Vasıyyet eden meyyitin malının üçde biri iskât yapmağa kifâyet ediyorsa, velînin bu mal ile fidye vermesi lâzımdır. Kifâyet etmiyorsa, üçde birinden fazlasını vârisin teberru’ etmesi câiz olduğu (Feth-ul-kadîr)de yazılıdır. Bunun gibi, farz olan haccının yapılması için vasıyyet etse, vârisi veyâ başka biri, hac parasını hediyye verse, câiz olmaz. Ölmeden vasıyyet etmeyip, vârisi kendi parası ile iskât yapsa veyâ hacca gitse, meyyitin borcu ödenmiş olur. Vârisden başkasının parası ile bunlar câiz olmaz diyenler varsa da, (Dürr-ül-muhtar) ve (Merâkıl-felâh) ve (Cilâ-ül-kulûb) kitâblarının sâhibleri olur, dediler.

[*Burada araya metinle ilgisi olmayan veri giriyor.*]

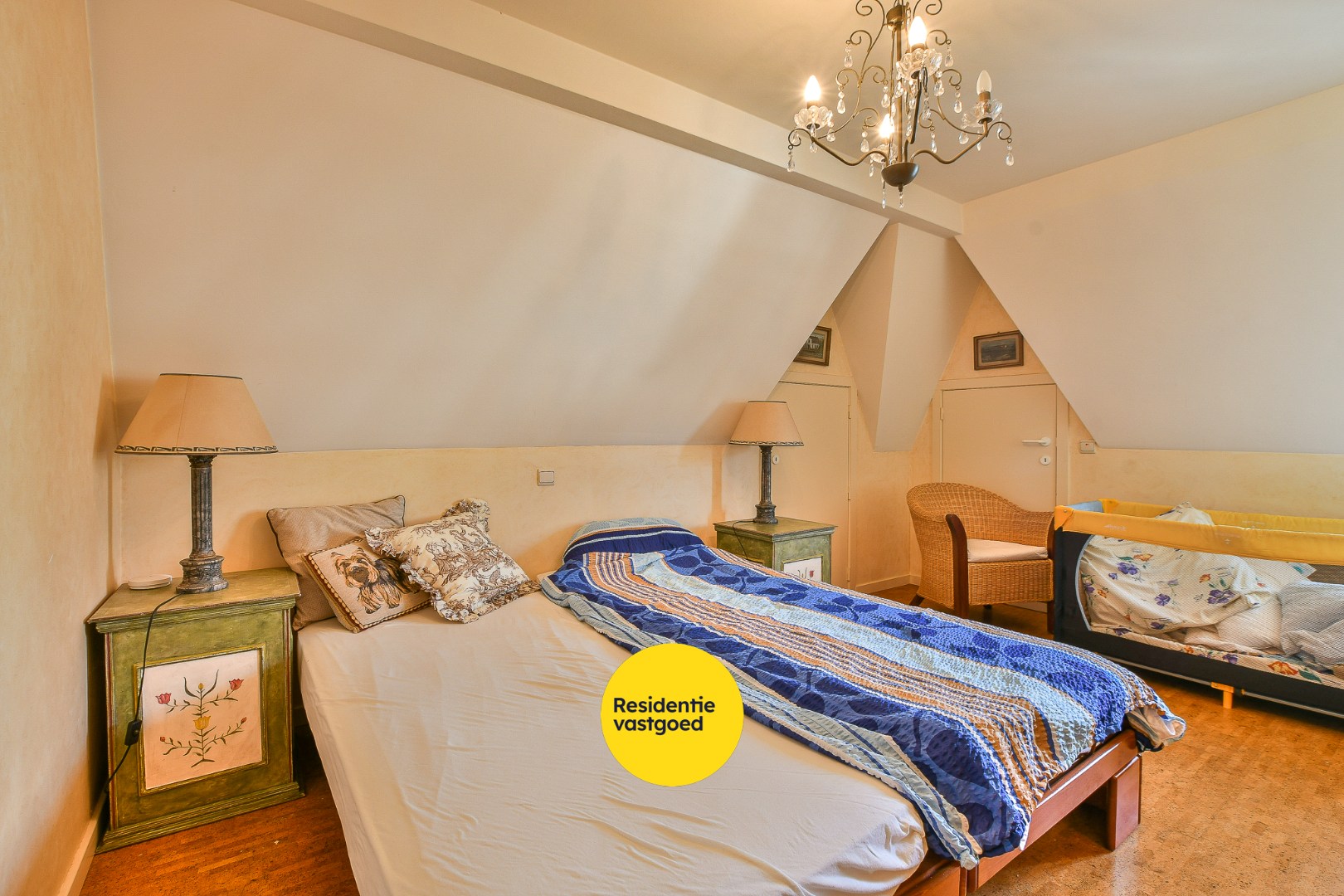 Exclusieve hoekwoning met zeezicht op topligging in de Concessie van De Haan, op 20 m van de zeedijk!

Keffâret iskâtı, buğday yerine un veyâ bir sâ’ arpa, hurma, üzüm ile de hesâb edilerek, bunlar da verilebilir. [Çünki, bunlar buğdaydan dahâ kıymetli oldukları için, fakîre dahâ fâidelidirler]. Hepsi yerine kıymetleri olan altın veyâ gümüş de verilebilir. [Kâğıd para ile iskât yapılmaz]. Secde-i tilâvet için fidye vermek lâzım değildir.
İskât ve Devr Nasıl Yapılır?
Fidye parası, mirâsın üçde birini aşarsa, vârisler izn vermedikçe, velî üçde birden fazlasını sarf edemez. (Kınye) kitâbında diyor ki, bütün ömrünün namâzları için malının üçde birinin verilmesini vasıyyet eden meyyitin, borcu da olsa, alacaklısı, vasıyyetin yapılmasına izn verse de, vasıyyetin yapılması câiz olmaz. Çünki, islâmiyyet, önce borcun ödenmesini emr etmekdedir. Borcu ödemek, alacaklının râzı olması ile sonraya bırakılamaz.
Bütün namâzların iskât edilmesi için vasıyyet eden kimsenin kaç yaşında öldüğü bilinmiyorsa, bırakdığı mîrâsın üçde biri, namâzlarının iskâtına yetişmediği zemân, bu vasıyyet câiz olur. Mîrâsın üçde biri, iskât için yetişir ve artarsa, bu vasıyyeti câiz olmaz, bâtıl olur. Çünki, malın üçde biri, iskâta yetişmediği zemân, üçde biri ile, iskât edilecek namâzların sayısı belli olduğundan, vasıyyeti bu namâzlar için sahîh olur. Geri kalan namâzları için olan vasıyyeti lağv, ya’nî boş lâf olur. Üçde biri, çok olduğu zemân, ömrü ve dolayısı ile namâz sayısı belli olmadığı için, vasıyyeti bâtıl olur.